I remember vividly a time when I was running late for school. Classes had already begun, and I hadn't even left my house. I was in a panic looking for my book bag. I found it, and headed for the door only to be detained by my mother.

"Tammy! Do not wear that red shirt to school!"
"Mom, I am already running late to class. I need to go!"
"Tammy, there is a bull running up and down the street. If the bull sees your red shirt, he will run you down and kill you!"

At that moment I had no patience for my mother's mental illness. I was running late for school, and I yelled at her in a rage.


"Mom, you are crazy!
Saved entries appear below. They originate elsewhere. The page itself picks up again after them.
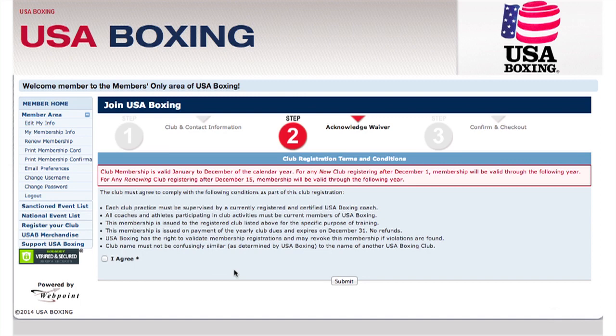On Step 2, you'll sign the club waiver. When you finish, click I Agree, then press Submit.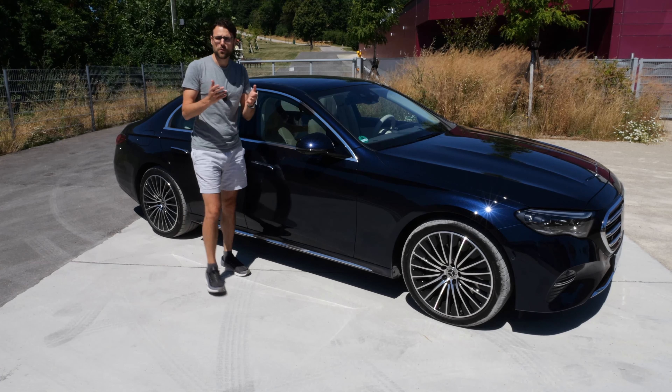Voice control works for closing the sunroof too — once doors are closed. By the way, when you're alone in the vehicle and see a small symbol in the infotainment display, you can issue voice commands without saying 'Hey Mercedes' first. When there's a co-driver, the system doesn't know where the voice is coming from, but when you're alone you can use this new function, making voice control easier.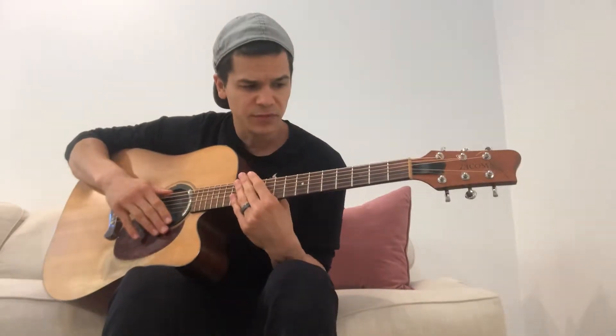What's up YouTube fam? This is an instructional video to the song Change the World by Eric Clapton. I'm going to give you a simplified version of this song.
There is no bull! I am already late! I can't change my shirt. I don't have time."
"Tammy, change your shirt! The bull will be attracted to the red in your shirt. Don't wear it to school!"
Instead of arguing, I simply left, and slammed the door in the process.
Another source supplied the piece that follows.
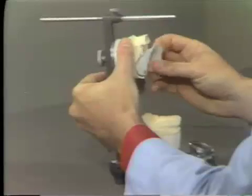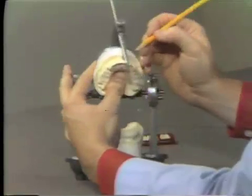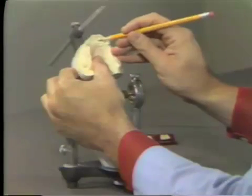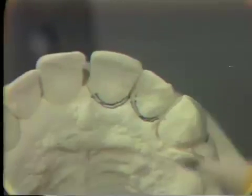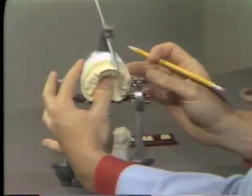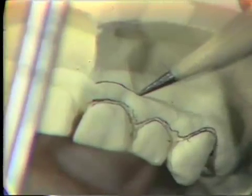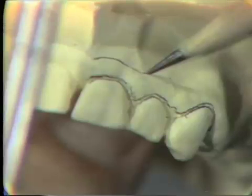The first step in setting anterior teeth for an immediate denture is to carefully mark with pencil the gingival sulcus area around the teeth. I'm marking the sulcus here on the labial and also the lingual gingival crevice, so that when we remove these teeth from the stone cast we can see exactly where the gingival area was. On the labial anterior area, I'm also going to mark a second line, approximately two millimeters apical from the gingival line that I drew.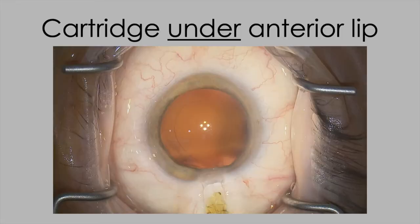Before introducing the intraocular lens, a few key points: when engaging the cartridge into the entry site, engage it in the external ostomy for a wound-assisted injection — this stretches the entry site less. Importantly, the cartridge must go underneath the anterior lip. Folding the anterior lip into the cornea while engaging the cartridge never works well and tends to stretch the wound.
Today as I reflected on this event in my life, I became sorrowful. In the heat of the moment, all I could see was my tardy slip. It never occurred to me that my mother really believed there was a vicious bull roaming the streets. This means that through out the day, she had a fear that I would be attacked by a bull. This belief may have been irrational, but it was real for my mother. She thought her daughter was in real danger. I was angry, and she was genuinely concerned for my welfare. She probably faced a full day of fear and worry, until I returned home.

How often has my anger and rationality demeaned my mother's emotions? My mother often hands me a piece of jewelry, and mentions it is worth millions of dollars. I know for a fact the ring is a piece of junk that cost $9.00 at Wal-Mart. Yet, she gives it to me freely. She believes that the ring is worth millions, and she GIVES it to me. Even in her delusion and insanity, she has a heart of gold. I don't know many people that would give me a jewel worth a million dollars.

Today I witnessed something mysterious about my mother's illness. My mother went over to my father, and told him another tall tale. Something that isn't and couldn't be true. Then she leaned in to kiss him. He kissed her. I couldn't help myself. I had to ask.

"What is it like? Kissing her when she says things like that?"

My dad seemed to groan at my question as if it shouldn't be asked. His face seemed to say- She is my wife, and kissing her need not be explained or questioned. I know my dad is faithful, but it pains me to know that her love is motivated out of delusions. Her love, though motivated and manipulated by delusion, is still potent and powerful.

Sunday, August 23, 2009

Bethel

I have now attended three services held at Bethel Worship Center. I felt God directed me to attend this church. I didn't have any expectations, and now I am worried.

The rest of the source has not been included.